2. De voor een of meer belanghebbenden nadelige gevolgen van een besluit mogen niet onevenredig zijn in verhouding tot de met het besluit te dienen doelen.
Artikel 7:12
1. De beslissing op het bezwaar dient te berusten op een deugdelijke motivering, die bij de bekendmaking van de beslissing wordt vermeld. […]
Algemene wet inkomensafhankelijke regelingen
Artikel 3. Partner (zoals dat luidde in 2020)
[…]
2. In aanvulling op het eerste lid wordt voor de toepassing van deze wet en de daarop berustende bepalingen onder partner mede verstaan degene die als ingezetene op hetzelfde woonadres is ingeschreven in de basisregistratie personen als de belanghebbende en:
a. uit wiens relatie met de belanghebbende een kind is geboren;
b. die een kind van de belanghebbende heeft erkend dan wel van wie een kind door de belanghebbende is erkend;
c. die voor de toepassing van een pensioenregeling als partner van de belanghebbende is aangemeld;
d. die samen met de belanghebbende een woning heeft, die hun anders dan tijdelijk als hoofdverblijf ter beschikking staat op grond van eigendom, waaronder begrepen economisch eigendom, of op grond van een recht van lidmaatschap van een coöperatie;
e. die evenals de belanghebbende meerderjarig is, waarbij op dat woonadres tevens een minderjarig kind van ten minste een van beiden staat ingeschreven, behoudens ingeval de belanghebbende door middel van een schriftelijke huurovereenkomst, waaraan bij ministeriële regeling nadere voorwaarden kunnen worden gesteld, doet blijken van een van beiden op zakelijke gronden een gedeelte van de woning huurt van de ander;
f. voor de toepassing van de Wet inkomstenbelasting 2001 voor het berekeningsjaar wordt aangemerkt als partner van de belanghebbende, of
g. die in het aan het berekeningsjaar voorafgaande kalenderjaar reeds partner van de belanghebbende was.

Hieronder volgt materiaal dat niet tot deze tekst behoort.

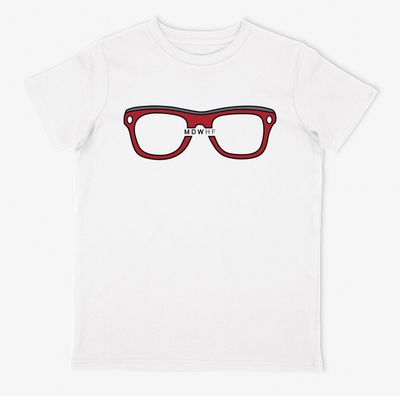 MDWHF Signature Frames Kids Tee (W)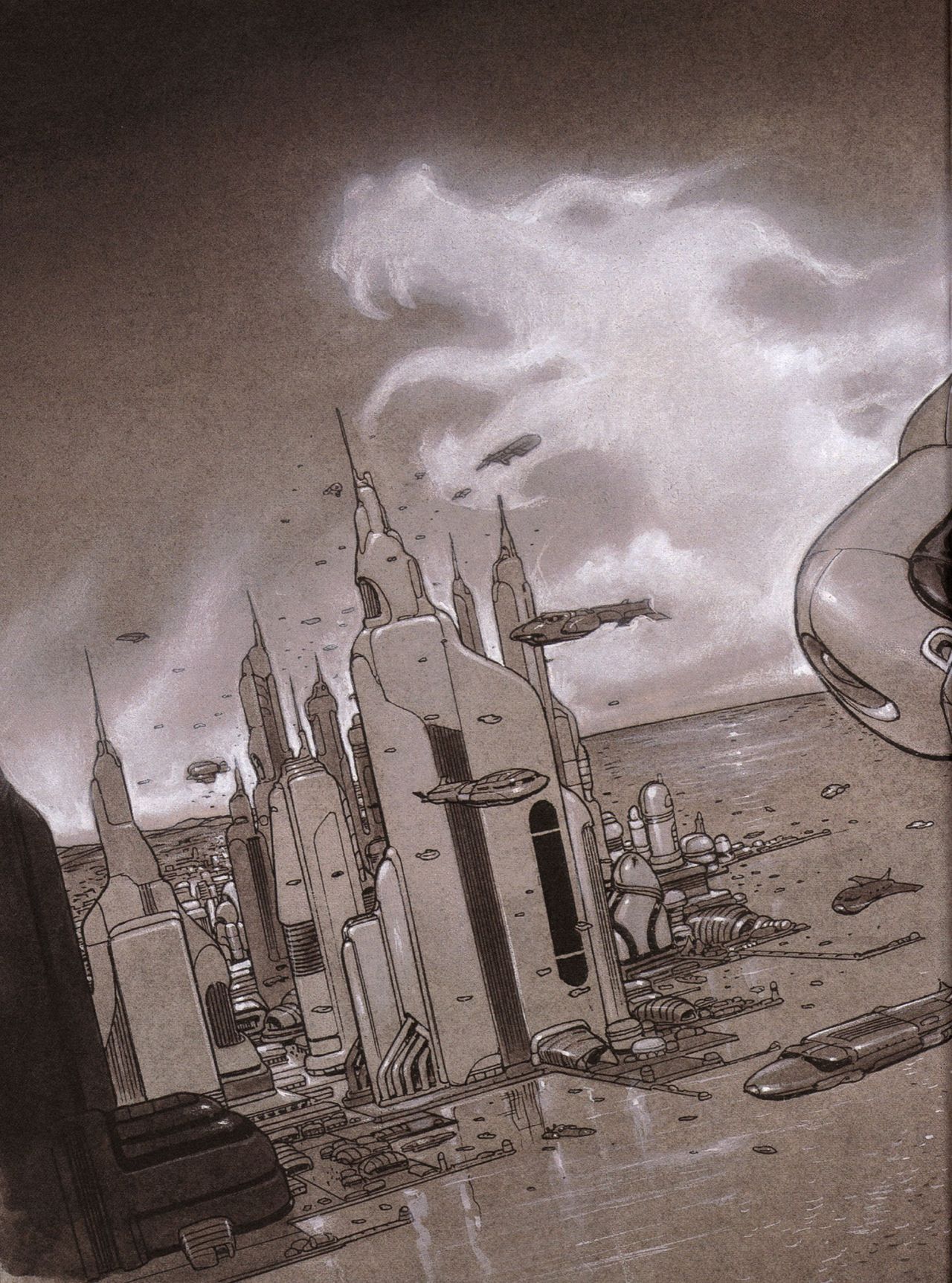 Moréa T09 - Noir Devoir page 2 full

3. Degene die ingevolge het tweede lid voor een deel van het berekeningsjaar als partner wordt aangemerkt, wordt ook als partner aangemerkt in de andere perioden van berekeningsjaar, voor zover hij in die perioden als ingezetene op hetzelfde woonadres is ingeschreven in de basisregistratie personen als de belanghebbende.
[…]
Artikel 3. Partner (zoals dat luidt vanaf 2021)
[…]
3. Degene die ingevolge het eerste of tweede lid voor een deel van het berekeningsjaar als partner wordt aangemerkt, wordt vanaf de dag waarop het partnerschap ingevolge het eerste of tweede lid is ontstaan, ook als partner aangemerkt in de daaropvolgende perioden van het berekeningsjaar, voor zover hij in die perioden als ingezetene op hetzelfde woonadres is ingeschreven in de basisregistratie personen als de belanghebbende.
[…]
Artikel 26. Terugvordering is verschuldigd door belanghebbende (zoals dat luidde in 2020)
Indien een herziening van een tegemoetkoming of een herziening van een voorschot leidt tot een terug te vorderen bedrag dan wel een verrekening van een voorschot met een tegemoetkoming daartoe leidt, is de belanghebbende het bedrag van de terugvordering in zijn geheel verschuldigd.